[Data records]
BEGIN
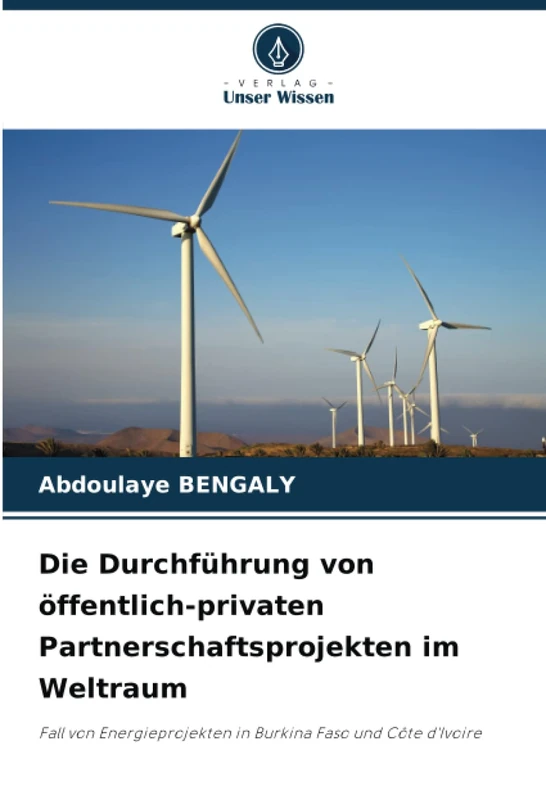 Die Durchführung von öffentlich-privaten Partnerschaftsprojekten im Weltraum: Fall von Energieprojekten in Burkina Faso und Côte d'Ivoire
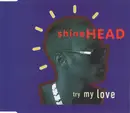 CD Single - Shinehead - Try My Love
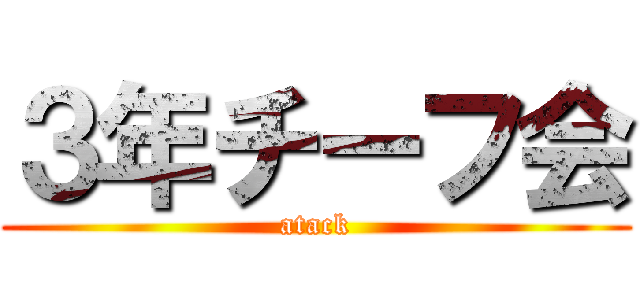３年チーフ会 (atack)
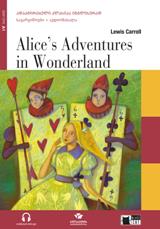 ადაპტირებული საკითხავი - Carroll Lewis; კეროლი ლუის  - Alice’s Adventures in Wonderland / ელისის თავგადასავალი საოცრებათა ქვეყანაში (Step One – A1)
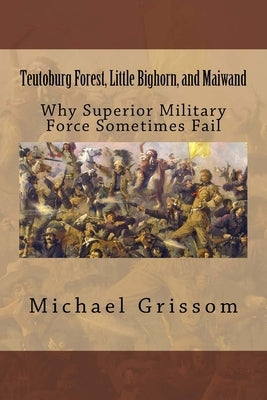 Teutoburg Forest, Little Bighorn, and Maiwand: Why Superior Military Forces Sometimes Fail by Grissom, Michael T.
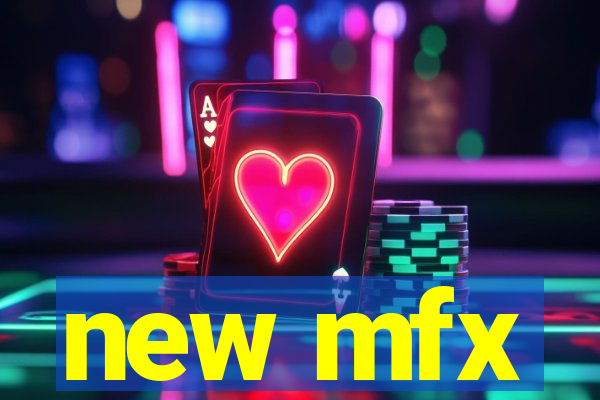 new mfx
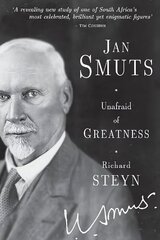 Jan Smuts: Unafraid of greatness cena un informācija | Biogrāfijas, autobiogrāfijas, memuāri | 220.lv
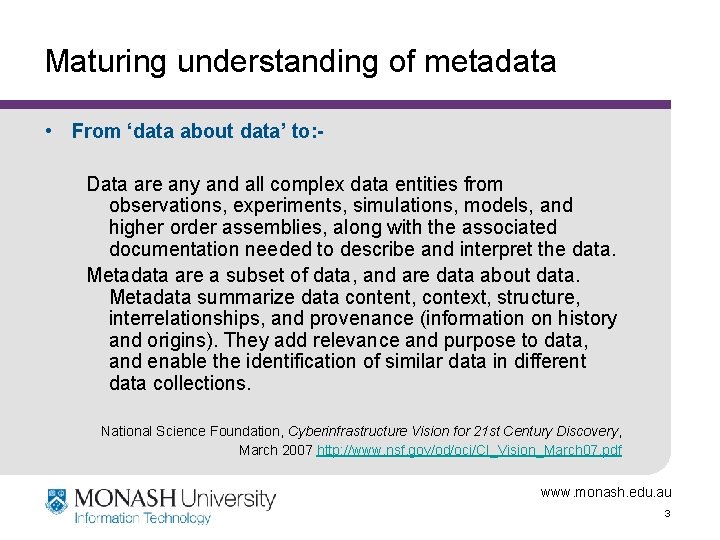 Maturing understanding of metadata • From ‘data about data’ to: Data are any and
END
# Problem statement
Every record above should be duplicated precisely, with the images removed.

# Exercise result
 Die Durchführung von öffentlich-privaten Partnerschaftsprojekten im Weltraum: Fall von Energieprojekten in Burkina Faso und Côte d'Ivoire
 CD Single - Shinehead - Try My Love
３年チーフ会 (atack)
 ადაპტირებული საკითხავი - Carroll Lewis; კეროლი ლუის  - Alice’s Adventures in Wonderland / ელისის თავგადასავალი საოცრებათა ქვეყანაში (Step One – A1)
 Teutoburg Forest, Little Bighorn, and Maiwand: Why Superior Military Forces Sometimes Fail by Grissom, Michael T.
 new mfx
 Jan Smuts: Unafraid of greatness cena un informācija | Biogrāfijas, autobiogrāfijas, memuāri | 220.lv
 Maturing understanding of metadata • From ‘data about data’ to: Data are any and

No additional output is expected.